**Collected data:**
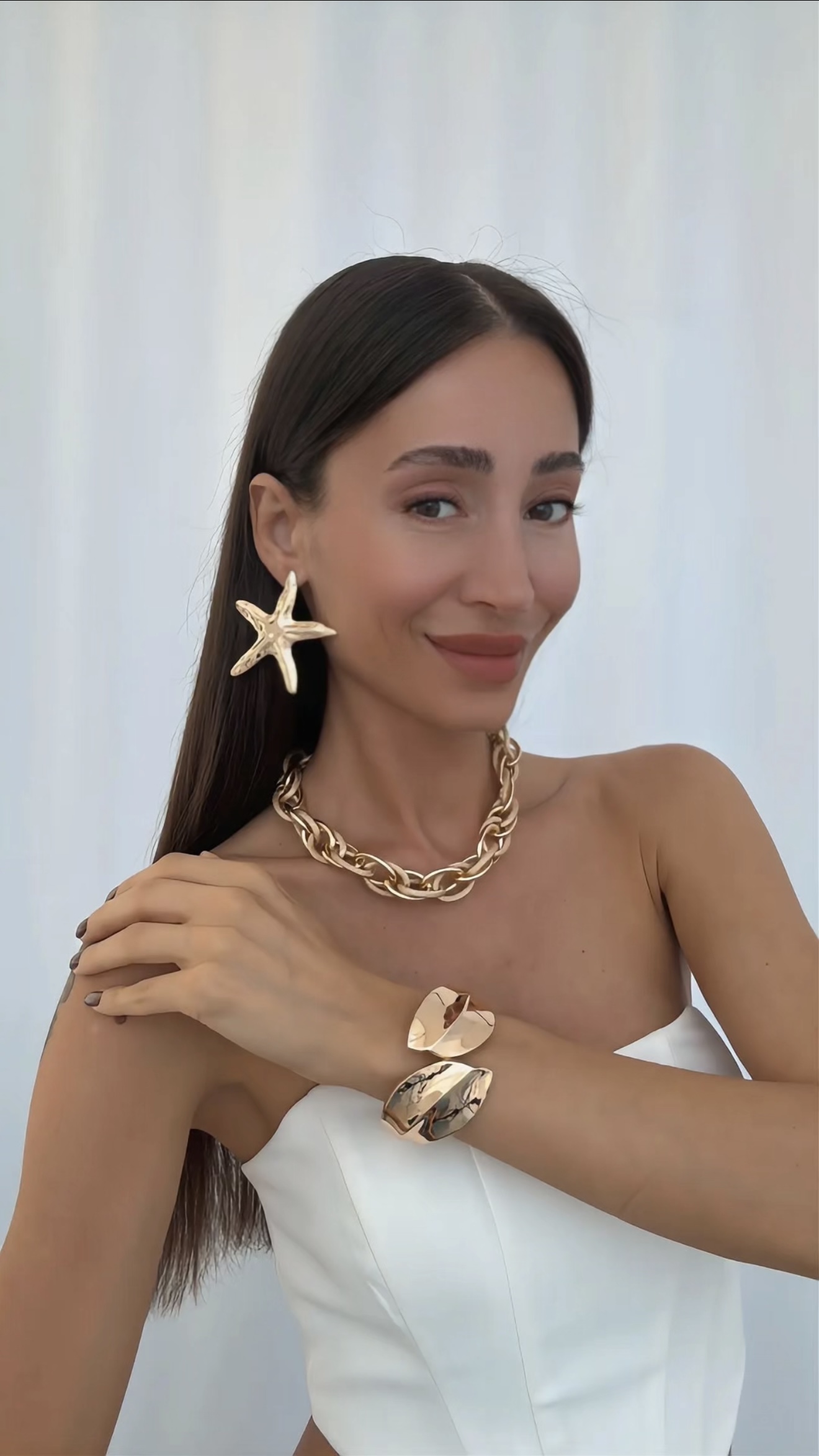 HALAT KOLYE İLE GÜNEŞ, DENİZ YILDIZI, YENGEÇ KÜPE KOMBİNLERİ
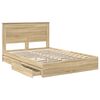 vidaXL Opslag bed met lade Sonoma Eiken 160 x 200 cm Bewerkt hout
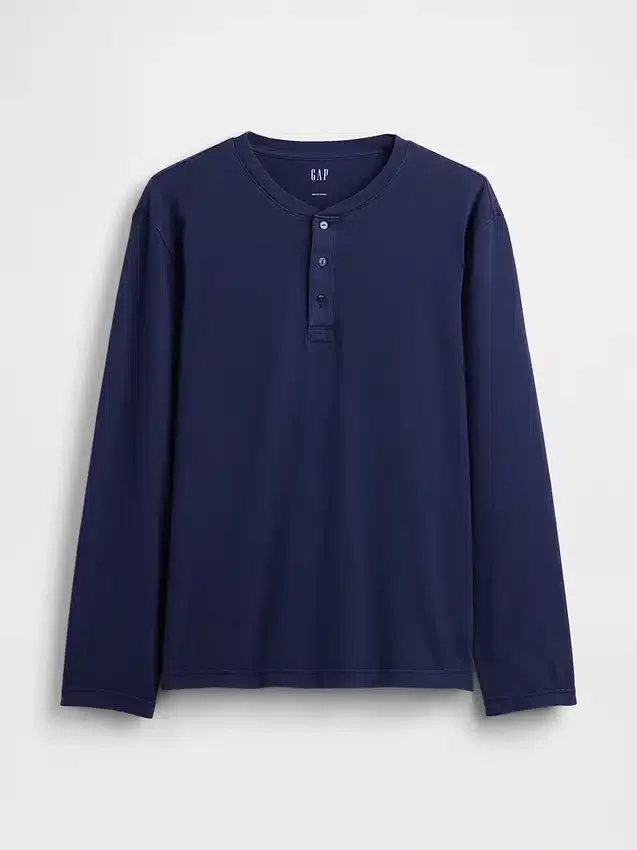 Avslappnad Henley-T-shirt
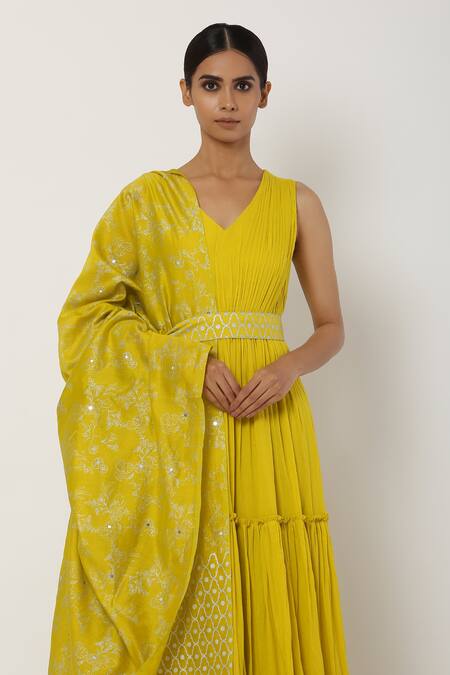 Shop_Seema Nanda_Yellow Chanderi Silk, Mul, Lining Tiered Anarkali With Dupatta_Online_at_Aza_Fashions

**How to complete this task:** Restate the lines above exactly, from the one bearing "vidaXL Opslag bed" through the final line of the material, both included, omitting pictures.

**Reply to the task:**
 vidaXL Opslag bed met lade Sonoma Eiken 160 x 200 cm Bewerkt hout
 Avslappnad Henley-T-shirt
 Shop_Seema Nanda_Yellow Chanderi Silk, Mul, Lining Tiered Anarkali With Dupatta_Online_at_Aza_Fashions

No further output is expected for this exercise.